Nov 7, 2009 09:12 GMT  ·  By
This is a composite of false color images of the galaxies found at the early epoch around 800 million years after the Big Bang
   This is a composite of false color images of the galaxies found at the early epoch around 800 million years after the Big Bang

According to the standard cosmological model, the Big Bang – the event that created our Universe – took place about 13.7 billion years ago. After that, the Cosmos began expanding and producing all types of structures, which would eventually differentiate in things we know today, such as galaxy, clusters and black holes. Some of the first galaxies to have ever shone their lights in the darkness were recently imaged by a team of astronomers, wielding the wide-field camera of the 8.3-meter Subaru Telescope, in Hawaii. They are estimated to have formed when the Universe was just some 787 million years old, Space reports.

Immediately after it exploded into being, the Cosmos was somewhat a mess. There was no light produced inside it, and therefore astronomers cannot use modern telescopes to find residual photons from that time. But some 400,000 years after the Big Bang, things changed. The mess cooled down, allowing for the electrons and protons in the mix to combine together in what would become the first hydrogen atoms, sporting a neutral charge. The Universe got a lot clearer, and the first galaxies began to form. This age, spanning until1 billion years after the explosion, is known as the “Reionization Epoch.” Once it concluded, the first galaxies were already in place.

However, the structures that were recently observed most likely formed some 220 million years or so before the end of the Universe's oldest known stage. The issue that astronomers have been struggling to determine is precisely when the Reionization Age began, as in, when the first light, stars and galaxies formed. In order to help answer this question, Carnegie Observatories experts, led by Masami Ouchi, used a complex technique to scout the skies.

“We look for 'dropout' galaxies. We use progressively redder filters that reveal increasing wavelengths of light and watch which galaxies disappear from or 'dropout' of images made using those filters,” Ouchi explains. He adds that each galaxy's specific wavelength can be a clear indicator of the structures age and distance from our planet. The work the experts made had more galaxies to work on than any previous study, because the scientists chose to investigate an area of the sky 100 times larger than ever before. “Plus, we were able to confirm one galaxy's age. Since all the galaxies were found using the same dropout technique, they are likely to be the same age,” he says.

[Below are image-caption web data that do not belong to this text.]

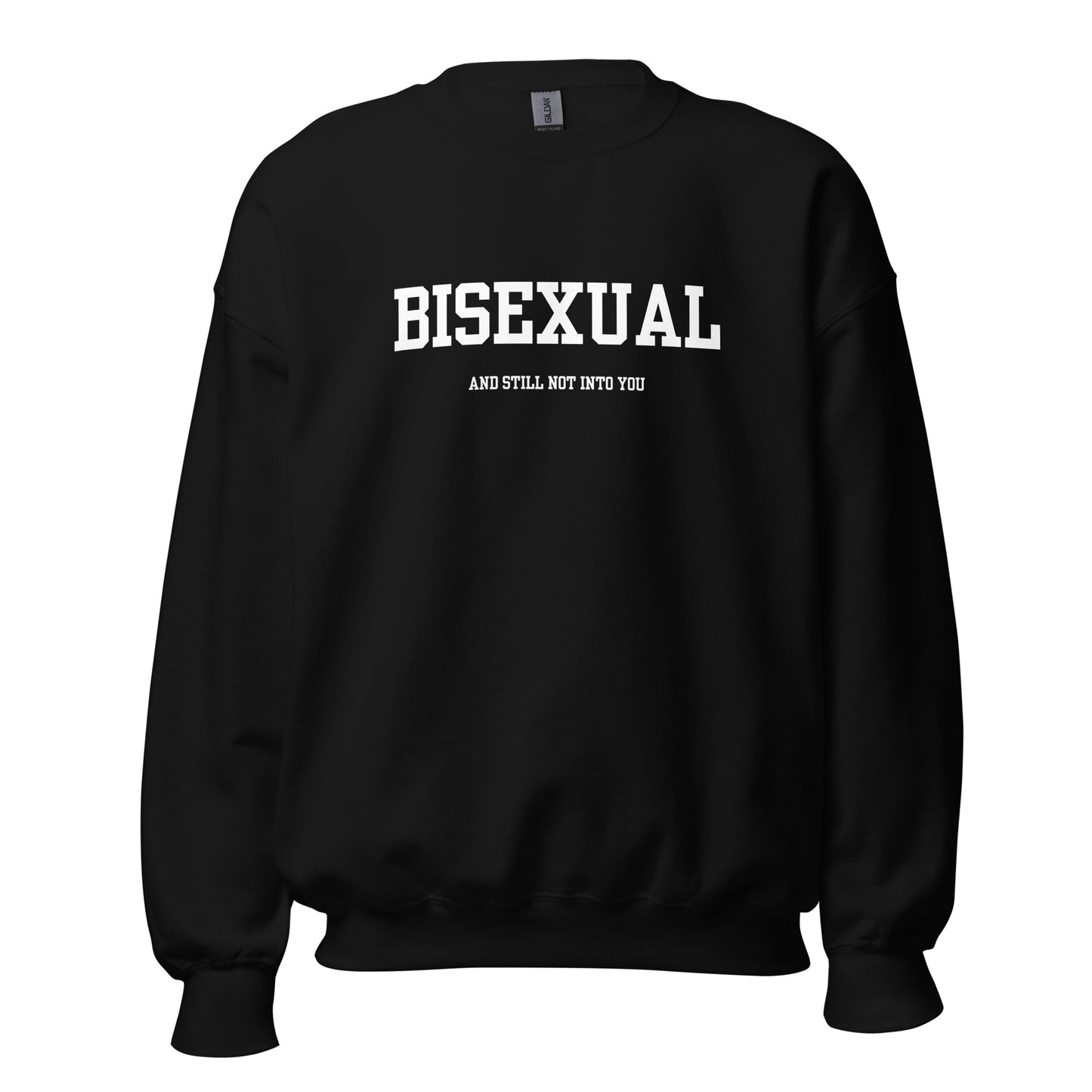 Bisexual Crewneck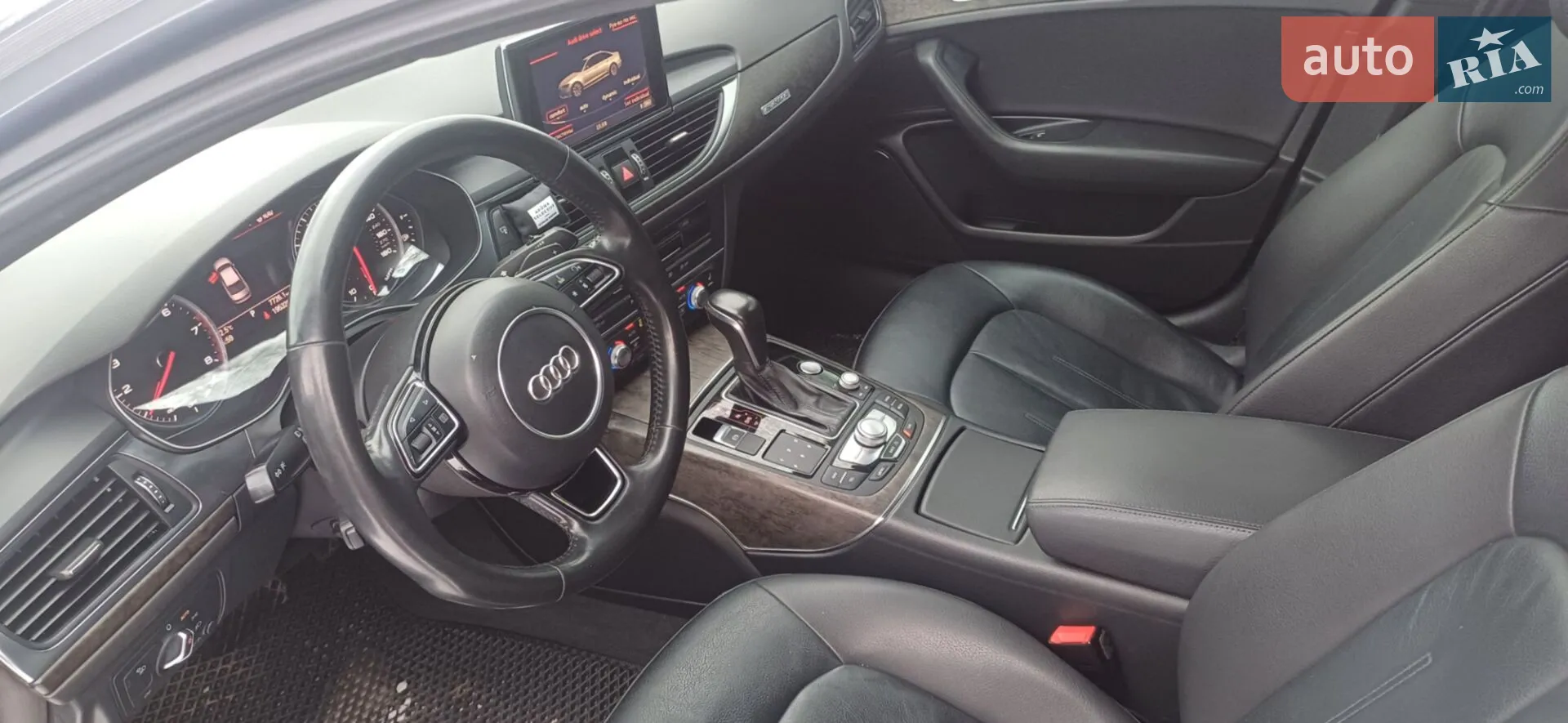2016 Audi A6 - мініатюра 15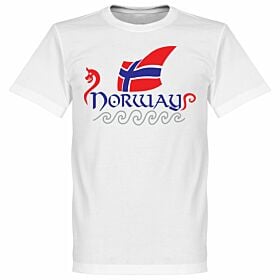 Norway Tee - White
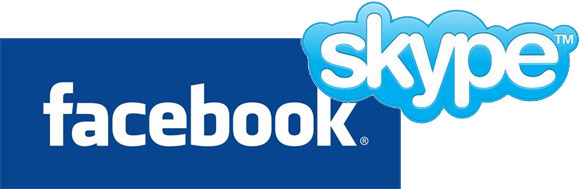 Facebook adds self-proclaimed ‘awesome’ Skype video chatting feature Enthusiastically pre-hyped by Facebook CEO Mark Zuckerberg last week, the new “awesome” add-on to the social networking site has been revealed as video chat tool created in partnership with Skype....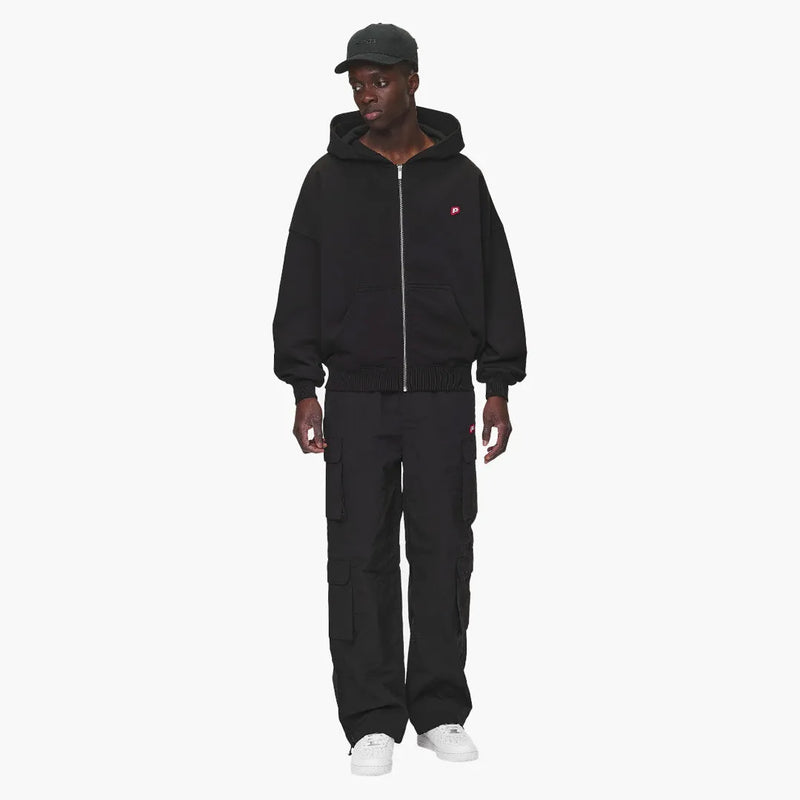 Pegador Jacks Tech Cargo Pants Black Model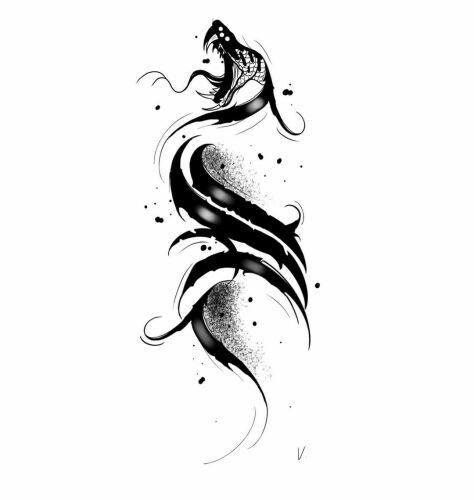 Venomdopee inksearch tattoo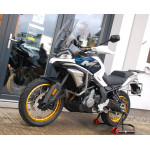 CFMOTO 700MT Adventure WHITE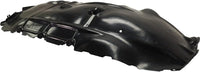 Front Fender Liner Left Driver Side Direct Replacement Compatible With 2021-2022 Chevrolet Colorado GM1248319 84869177-PFM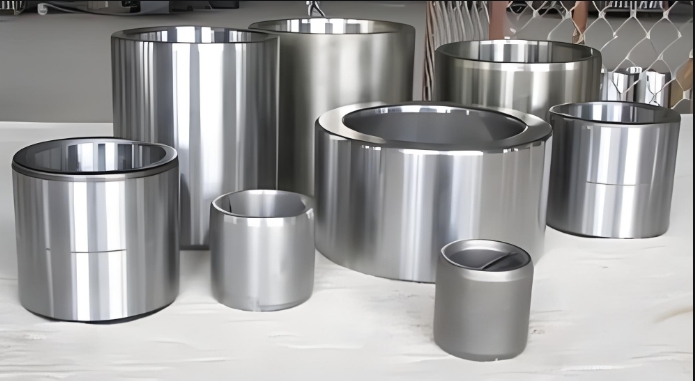 Stainless Steel Machining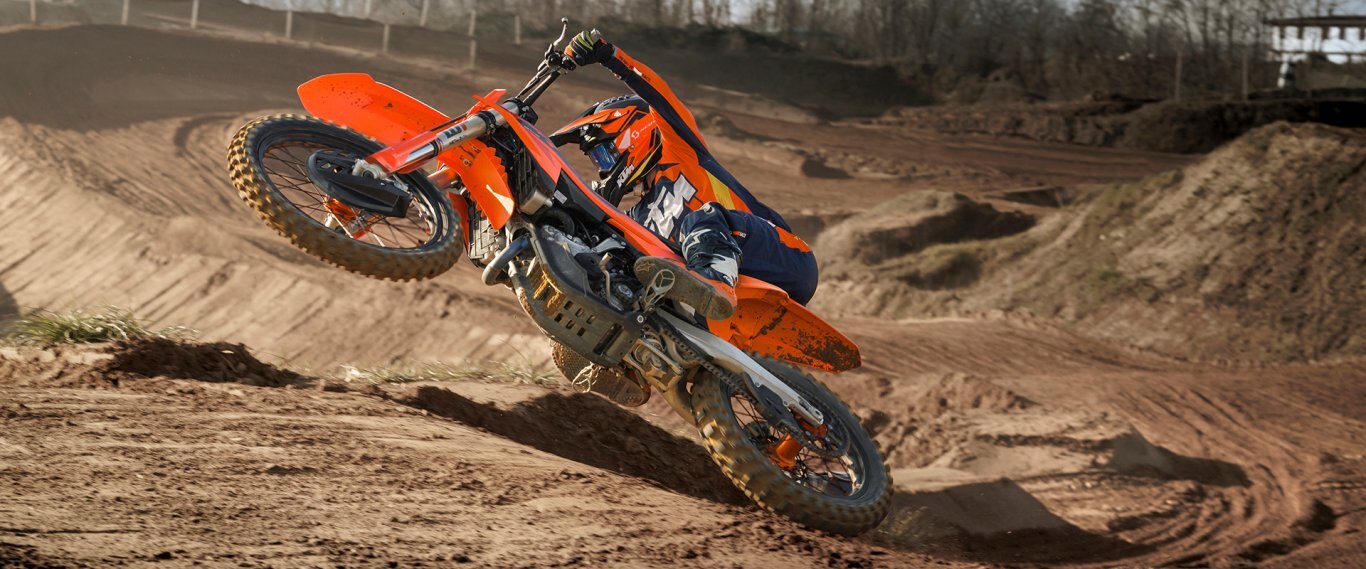 2025 KTM 250 SX F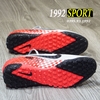 Giày Bóng Đá Nike Vapor 13 Pro Neymar Trắng Xám Đỏ TF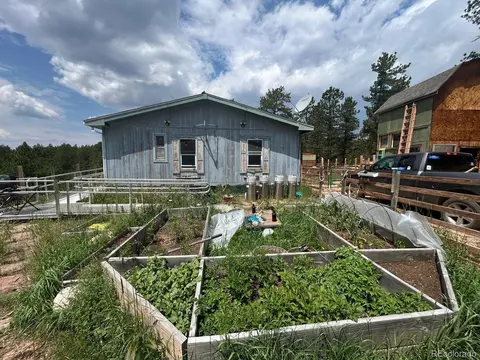 Exterior - 374 Hickory Creek Rd, Divide, CO 80814 photo 5 of 6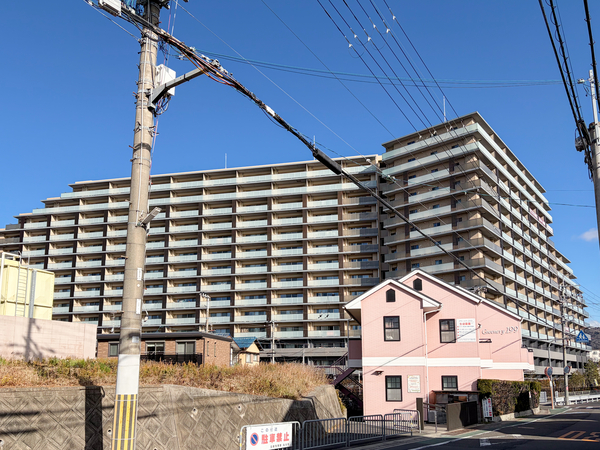 【ウエリス島本】外観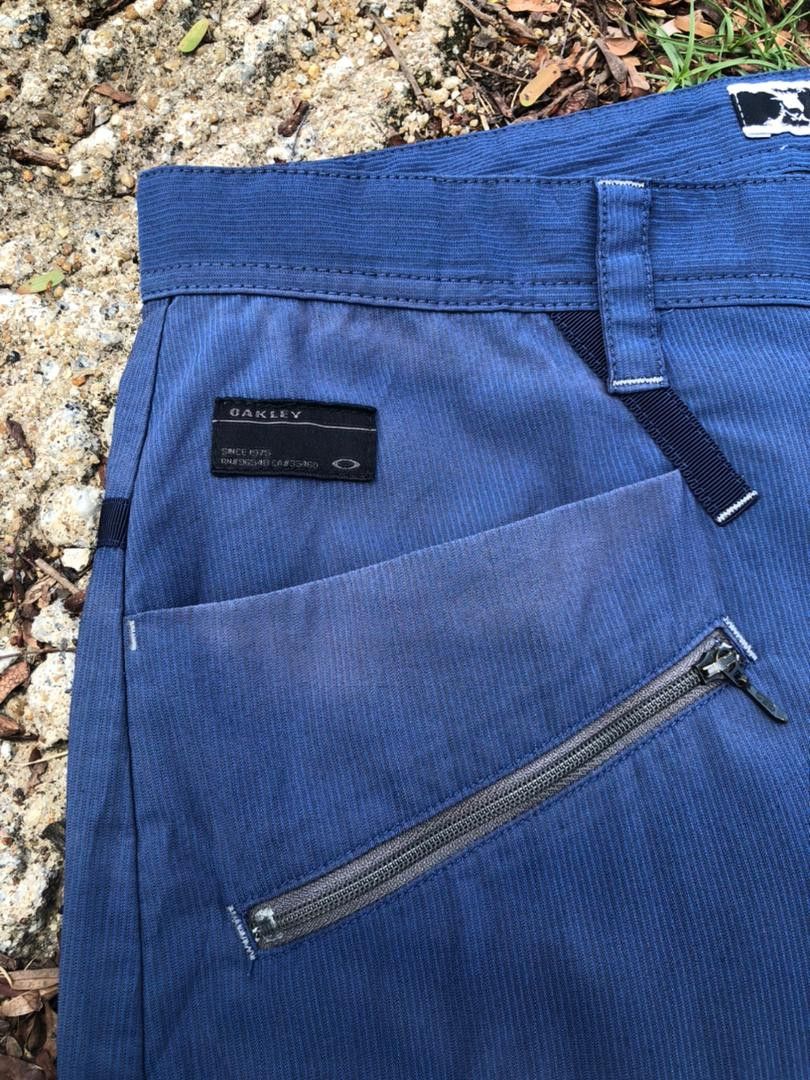 Oakley × Vintage Vintage Oakley Hydrolix Pants Size US 33 - 10 Thumbnail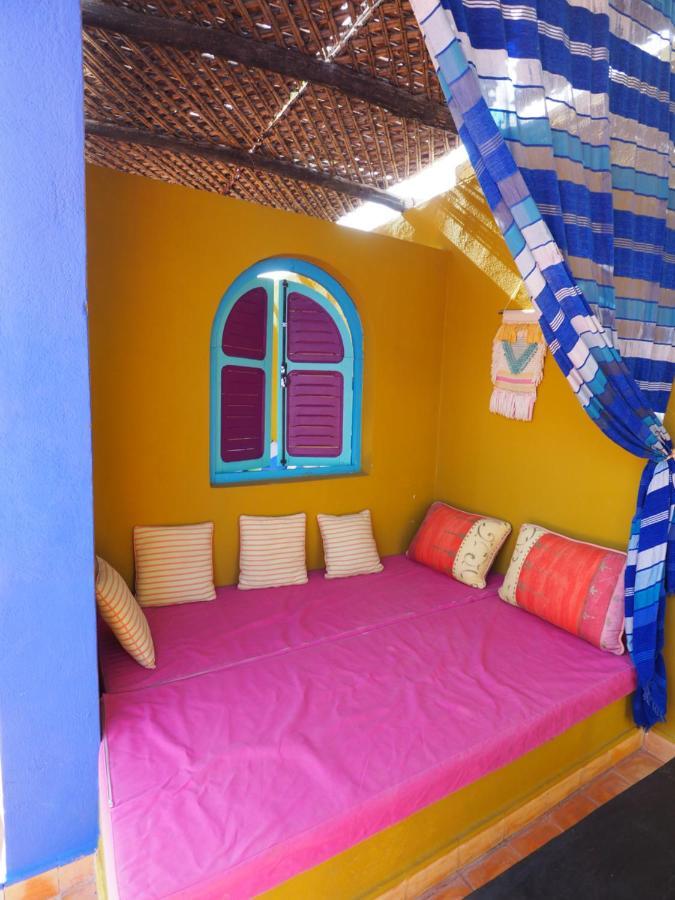 Aksri La Kasbah Du Paradis מראה חיצוני תמונה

“We were really surprised that the rate of ionization seems so low, which would constitute a contradiction with the claim of NASA's WMAP satellite. It concluded that reionization started no later than 600 million years after the Big Bang. We think this riddle might be explained by more efficient ionizing photon production rates in early galaxies. The formation of massive stars may have been much more vigorous than in today's galaxies. Fewer, massive stars produce more ionizing photons than many smaller stars,” Ouchi concludes.